As he became world’s #1 bodybuilder, Arnold shifted his focus to Hollywood. He wanted to use his domination in bodybuilding as a springboard to a leading movie role. The problem was – most directors in Hollywood at the time had no idea what bodybuilding was.
It frustrated me that bodybuilding shows were never advertised to the general public. That seemed totally wrong. I mean, what did we have to hide? People complained that reporters were always negative about bodybuilding and wrote stupid stories. Well, that was true, but who was talking to the press? Had anyone ever sat down and explained what we were doing? So Franco and I decided that if bodybuilding in LA was ever going to break out of its little shell, we had to promote it ourselves.
Arnold and his friend Franco went to organize a spectacular contest in order to promote not only himself, but the whole sport. The Mr. International competition was a big success – the world’s top bodybuilders came to compete and people from all walks of life (not only bodybuilding) came to see it. Invitations to TV shows followed soon.
How often do you say what you really think? And how often you don’t?
One of the most attractive aspects of the autobiography was the feeling that saying what he thought was exactly what Arnold was doing, even if the topic was slightly controversial.
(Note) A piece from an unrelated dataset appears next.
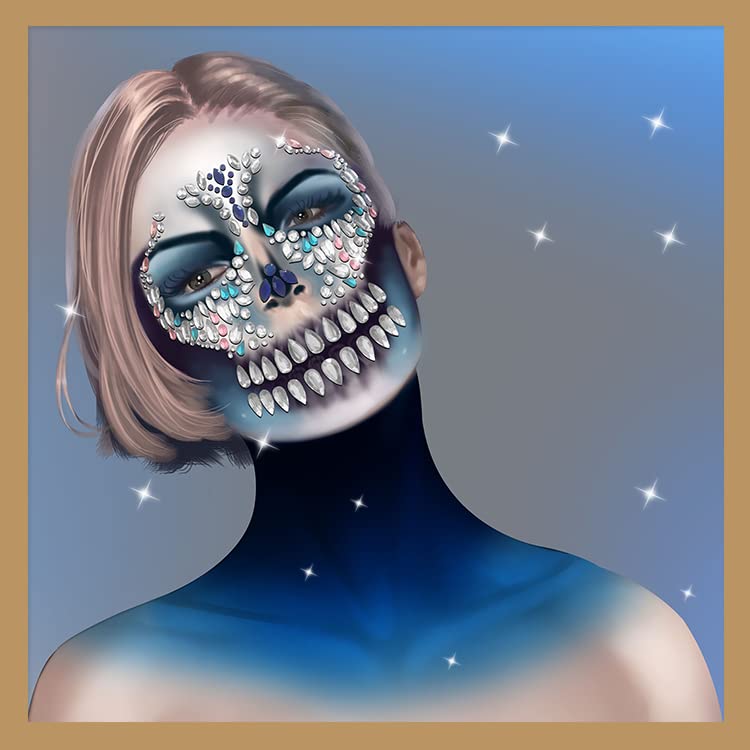 Skeleton Face Gems - 6 Pack Rhinestone Stickers for Halloween Makeup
One example for all – Arnold’s response to the fact that he is often criticized for his starring in violent movies:
I kill people on screen because… it’s great entertainment! And contrary to the critics, I don’t believe that violence on screen creates violence on the streets or violence at home. Otherwise, there would be no murders before the movies were invented. And by the way, the Bible is full of violence.
You can’t really say that Arnold is politically correct – while at the same time, he remains classy. In my eyes, this is the perfect balance.
Of course, if you like Arnold, the book will make you happy. It’s both useful and fun to read (or in my case, listen to). It made me laugh aloud many times (often in the metro or on the street).
And if your choice of a “SuperMentor” for 2018 would be different from mine, take a moment to think – who would you pick? And what lessons for the coming year would you take?